In keeping with the general practice of the society, food and clothing was offered to the children attending the school and religious instruction and scripture reading provided. The aggressive proselytising activities of the society would cause friction and division in the locality and leave parents torn between the need to feed and clothe their children and the consequences of sending them to a mission school that would alienate them from their Roman Catholic beliefs.
In 1866, partly to counteract the activities of the Bunowen Beg Mission School, the local Catholic curate, Rev. Richard Prendergast, set about establishing a school at the centre of the peninsula near Lough Aillebrack. However, to fund the school he needed to return to the National Board. On 21 June 1866, he submitted an application for aid towards payment of a teacher’s salary and free supply of books for 100 students. A sketch map indicating the location of the school was included with the application. The school is also marked on the Ordinance Survey map of the region. The maps indicate that there were no roads to this school. It is unlikely that this was the original schoolhouse; the measurements given (38 x 19 x 8 feet externally) would indicate that the building was smaller and it had a thatched roof, while the earlier school had a slated roof. The one-classroom schoolhouse was recorded as being ‘well and substantially built’ of stone and lime, with a dry mortar floor and a thatched roof. The classroom had a fireplace with a chimney and was well ventilated with four windows (measuring 3’ x 2’ 6”), and well supplied with ‘the necessary school furniture’, nine desks (8’ 2” long benches) and a book press. There was, however, no black board or clock, and no lavatories. The landlord Valentine O’Connor Blake had given the site rent-free.

Aillebrack Children in 1934.
The school had 123 pupils on the rolls (Roll 9716), when the district inspector, Alex Simpson, visited in August 1866. However, at sixty-three, the average daily attendance was only half that number. There were, according to Simpson, about sixty houses within a half-mile radius of the school and all children in the area were expected to attend. Bartley McDonough, appointed principal on 18 June 1866, was 17 years of age. Although he had not received any training, Simpson found him competent, of good character and promising in his ‘method of conducting School’. School fees of 1s 1d per year were paid to the manager, but a few students were admitted gratuitously ‘on the authority of the teacher’. McDonough’s current income was calculated on the school fees at roughly £8 per annum. The school was open five days a week, from 10 a.m. to 3 p.m., and Roman Catholic catechism was taught in the schoolhouse each day after school hours.
The district inspector reported favourably on Rev. Prendergast’s application:
In no place can a school be more required. The attendance will be very large, the teacher is a lad of considerable promise and the house is suited to the locality. I have therefore to recommend that salary be granted from the date of opening.

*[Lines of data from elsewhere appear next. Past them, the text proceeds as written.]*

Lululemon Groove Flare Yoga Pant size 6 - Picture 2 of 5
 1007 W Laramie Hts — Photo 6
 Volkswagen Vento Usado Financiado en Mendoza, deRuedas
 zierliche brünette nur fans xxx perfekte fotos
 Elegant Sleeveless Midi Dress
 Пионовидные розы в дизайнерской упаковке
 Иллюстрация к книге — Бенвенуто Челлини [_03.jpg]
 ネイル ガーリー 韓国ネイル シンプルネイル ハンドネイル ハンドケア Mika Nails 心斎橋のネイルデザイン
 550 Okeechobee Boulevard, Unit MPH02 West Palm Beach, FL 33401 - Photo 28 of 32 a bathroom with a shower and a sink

A sum of £15 was sanctioned to supplement Bart McDonagh’s salary from 1 July 1866, and free stock to the value of £1.10s (books for 100 pupils) was granted. Teaching assistants, referred to as monitors, were from time to time employed at the school, but not all received the support of the National Board. Over the following years, the various inspectors’ reports are a catalogue of breaches in regulations; teacher must not close the school on fair days in Clifden, ‘which is more than 8 miles away’, teacher admonished for not keeping up the rolls and reprimanded for the low performance of the pupils (1868). Three years after his appointment, Bart McDonagh left the school on 30 June 1869. He was replaced by Elizabeth (Lizzie) Hilton on 1 August 1869. A teaching monitor Mathias Little, left on 30 March 1870.
The district inspector found the school closed on two occasions in 1871 when Lizzie Hilton was said to be ill. In 1873 she was ‘reprimanded severely for neglecting to mark rolls and for carelessness in keeping accounts.’ In June 1874, Hilton informed the manager that the school was frequently broken into and property either removed or destroyed and that the door was in bad repair and difficult to lock. In 1875, Hilton was fined £2 for her continued irregularities in her school accounts and was warned that should she again be found guilty of a similar offence, her name would be struck off the roll of National teachers. The warning would seem to have been ignored, because in 1876 and 1877, we find Hilton again being reprimanded for arrears in accounts and poor keeping of the rolls. Throughout this time, there is no comment on this teacher’s ability, her control of the classroom or the performance of her students, which would lead one to assume that all was in good order in that department. Lizzie Hilton left the school on 30 April 1879.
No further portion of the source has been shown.